# Is it possible to speed up the moon's orbit with today's, or near-future technology?

And I mean only making the moon orbit the Earth faster: no change in distance from Earth required. Is such a thing possible?

• Actually, changing the orbital speed does require changing the orbital distance, unless you're physically tethering the moon to the earth somehow. – Nuclear Wang Mar 27 '18 at 17:52
• There is obviously no (logistics) technology to get a significant amount of stuff to the moon within reasonable economic limitations (which is kind of already included in "technology") nor is anyone really working on creating that possibility (why would you?), so no. – Raditz_35 Mar 27 '18 at 17:53
• Read up on orbital dynamics. If the moon speeds up, it will get farther. – Aify Mar 27 '18 at 18:09
• @Nuclear Wang: There actually is a way you could speed up the moon's orbit without changing the distance: increase the mass of the Earth. There are obvious practical difficulties there, though :-) – jamesqf Mar 27 '18 at 18:34
• @jamesqf You've got me there! I suppose we could also decrease the mass of the moon, which could be done concurrently with your earth embiggening. – Nuclear Wang Mar 27 '18 at 18:53

# Not with anything like modern or near future technology

And DEFINITELY not while maintaining the same orbital distance

The problem here is that orbital speed (considering a much larger primary mass) is a factor ONLY of the mass of the primary body and the distance they are apart as determined by the following equation.

$$v=\sqrt{\frac{GM}{r}}$$

Where v is orbital speed, G is the gravitational constant, M is the mass of the primary body (in this case, Earth), and r is the distance from the center of the primary mass to the center of the orbiting mass.
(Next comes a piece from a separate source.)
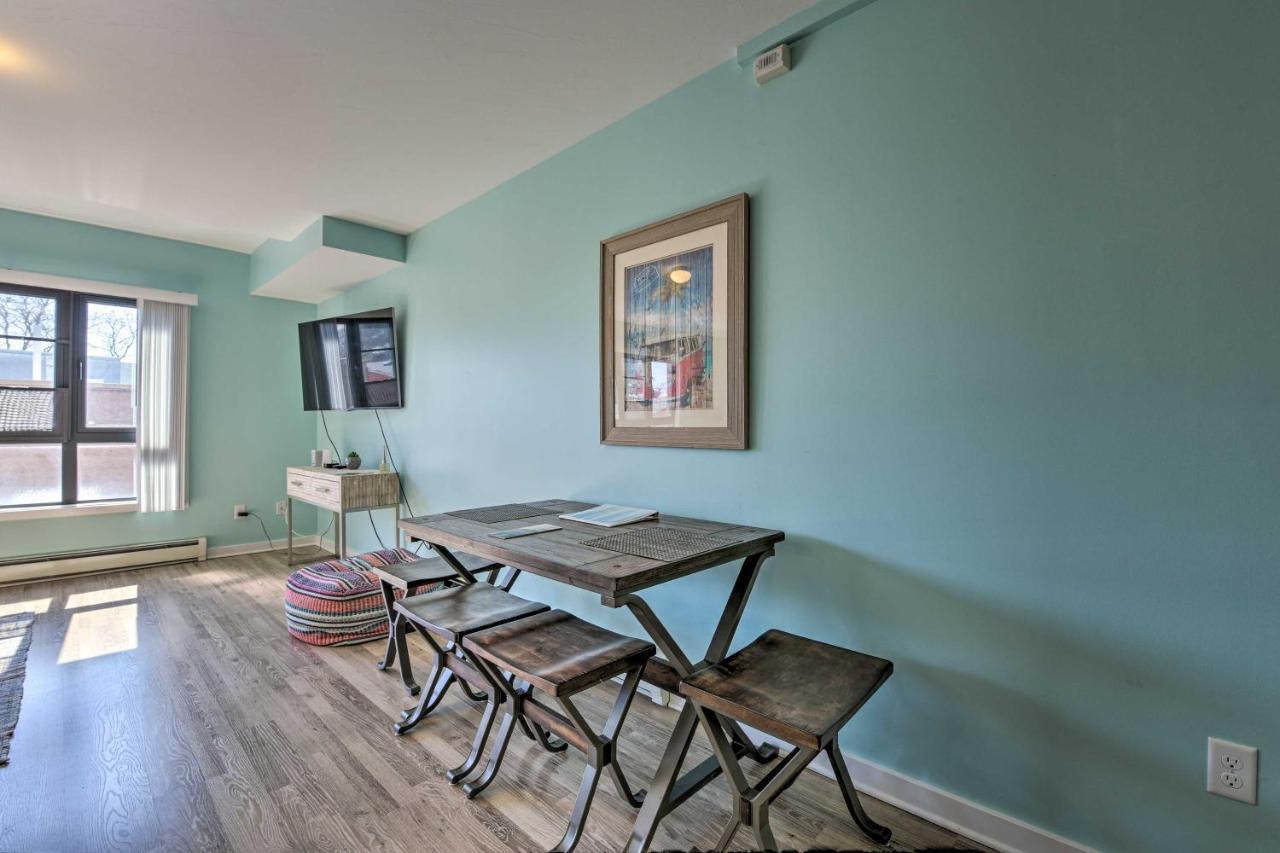 Downtown Saugatuck Condo, Near Oval Beach! Extérieur photo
In order to increase the velocity of the moon, you're dealing with this equation.

This gives us the following options to accelerate the moon.
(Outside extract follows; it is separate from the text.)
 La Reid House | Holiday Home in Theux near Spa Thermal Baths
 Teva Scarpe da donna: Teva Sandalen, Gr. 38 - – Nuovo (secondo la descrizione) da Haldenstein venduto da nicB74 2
### Move the moon closer to Earth.

This will naturally cause it to speed up. This may have Consequencestm on Earth, particularly those related to tidal forces. This would require us to apply sufficient force to relocate a 73.4 yottagram (7.34*1022kg) object.

We can't do this. It's too big. Even considering asteroids that are 12 orders of magnitude less massive or more, we are struggling to figure out how we could gradually nudge them aside if we thought they were going to hit Earth.

### Make Earth Bigger

The other component to that equation that we can mess with is the Mass of the primary body--Earth. If you increase the mass of Earth, the moon will speed up. The problem is, Earth is huge. And the Law of Conservation of Mass is a pesky bugger that says we can't just get mass from nowhere. So, we're basically going to have to go cannibalize another planet for parts and them drop them (carefully, I hope) down to Earth's surface.

Again, we can't do this. The scale is far too massive.

### Brute Force

Here we get to the pinnacle of impossibilities.

Take the moon, strap gigantic rockets to it pointing in several different directions, and use them to accelerate the moon, but also force it to maintain its present orbital distance. Do this forever. This process is not used in real life even on something as tiny as a satellite, because it takes vastly too much energy. If you are going to burn energy, either use it to scoot yourself somewhere else in orbital distance...or go all out and try to hit escape velocity.

Naturally, you're dealing with the aforementioned 73.4 yottagram object. Only now you have to apply absurd Forces to it from multiple directions at once!

Again, not possible.

First, you can't keep the same orbit and change the speed. Try playing Kerbal Space Program if you want to learn about orbital mechanics (or do the math, but KSP is more fun).

As far as changing the orbit of the moon..

With more or less current technology, you could set up self sustaining factories on the moon, These would mine moon rocks, refine some iron from them, and launch them into space using magnetic launchers. You'd need colonies that were producing their own food and other materials, at both Lunar poles. Again, not impossible with current technology - there is ice at the lunar poles to work with.

So..

The moon orbits at 1km/sec. If we mine and fire 1% of the mass of the moon at 100 km/sec (in the opposite direction to travel), that should double the orbital velocity. That means 7x10^20kg of material, so assuming you have 1000 launchers, each launching 100kg every 10 seconds - so 10,000kg/sec - that would take 7x10^15 seconds, or about 2x10^8 years. So, just leave your operation running for 200 million years, and you are there.